--- Your objective ---
Could you restate the data word for word and drop the pictures?
[Data segment — start]
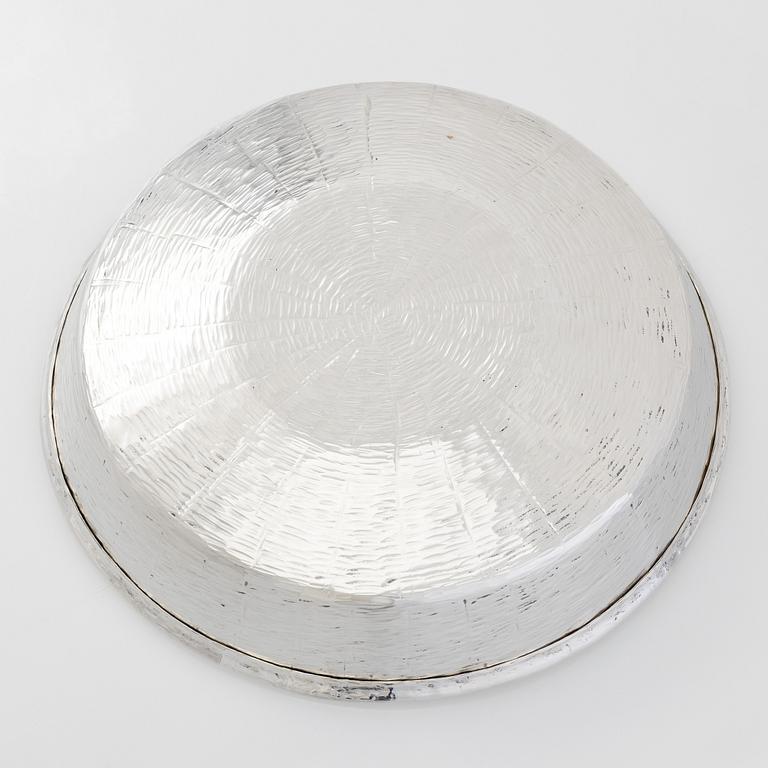 Tapio Wirkkala, A sterling silver bowl, model TW 289, Kultakeskus Hämeenlinna 1973.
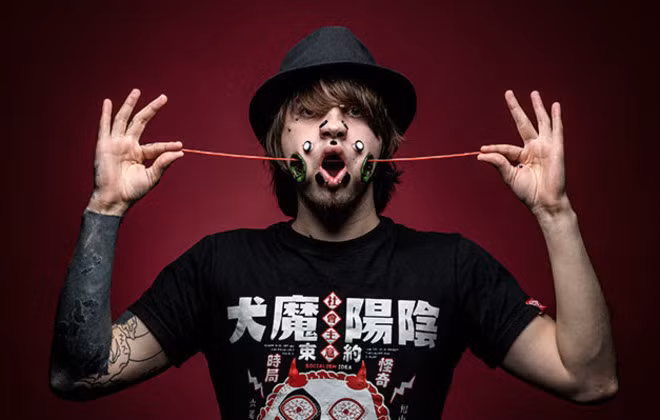 Anh chàng người Đức Joel Miggler nắm giữ kỷ lục Guinness về người xỏ khuyên nhiều nhất trên mặt. 2 lỗ lớn nhất nằm ở hai bên má, có đường kính lên đến 34 mm để lộ cả răng hàm.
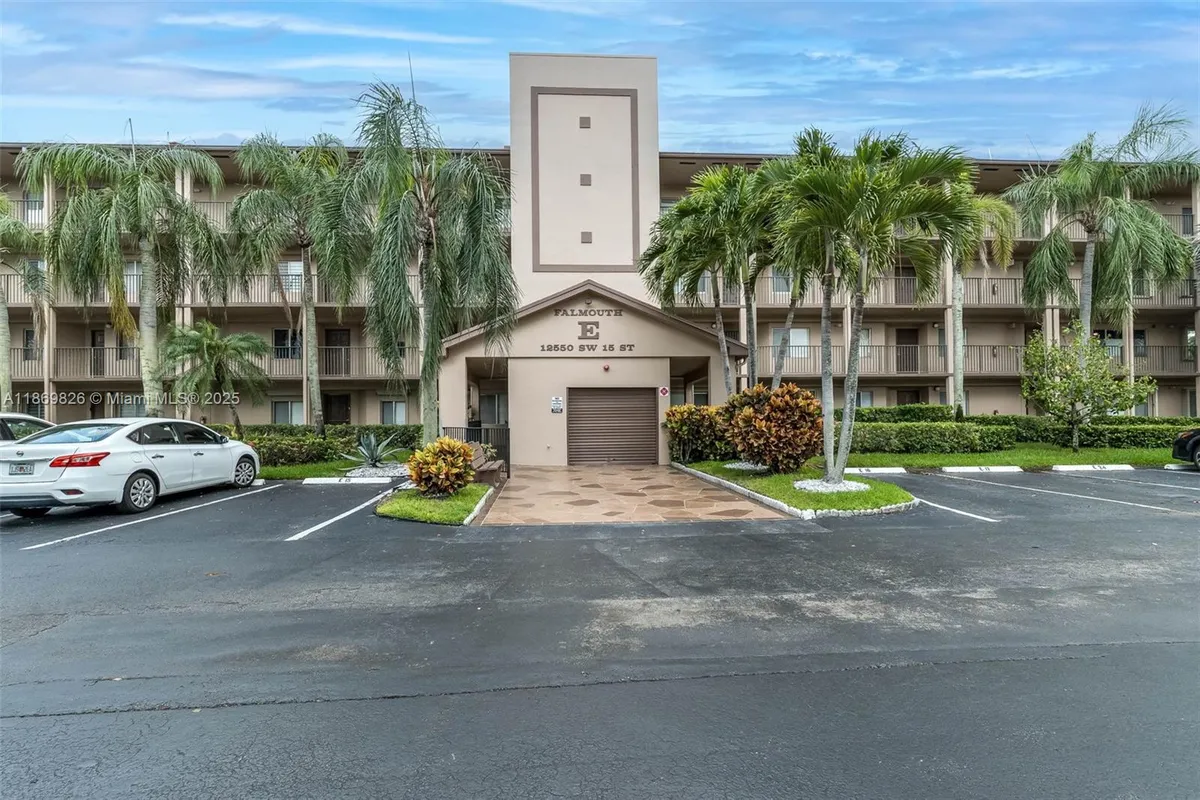 Property Slideshow image 1 of 28 | 12550 sw 15th st 205e, Pembroke Pines, FL, 33027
[Data segment — finish]
--- Output of the exercise ---
 Tapio Wirkkala, A sterling silver bowl, model TW 289, Kultakeskus Hämeenlinna 1973.
 Anh chàng người Đức Joel Miggler nắm giữ kỷ lục Guinness về người xỏ khuyên nhiều nhất trên mặt. 2 lỗ lớn nhất nằm ở hai bên má, có đường kính lên đến 34 mm để lộ cả răng hàm.
 Property Slideshow image 1 of 28 | 12550 sw 15th st 205e, Pembroke Pines, FL, 33027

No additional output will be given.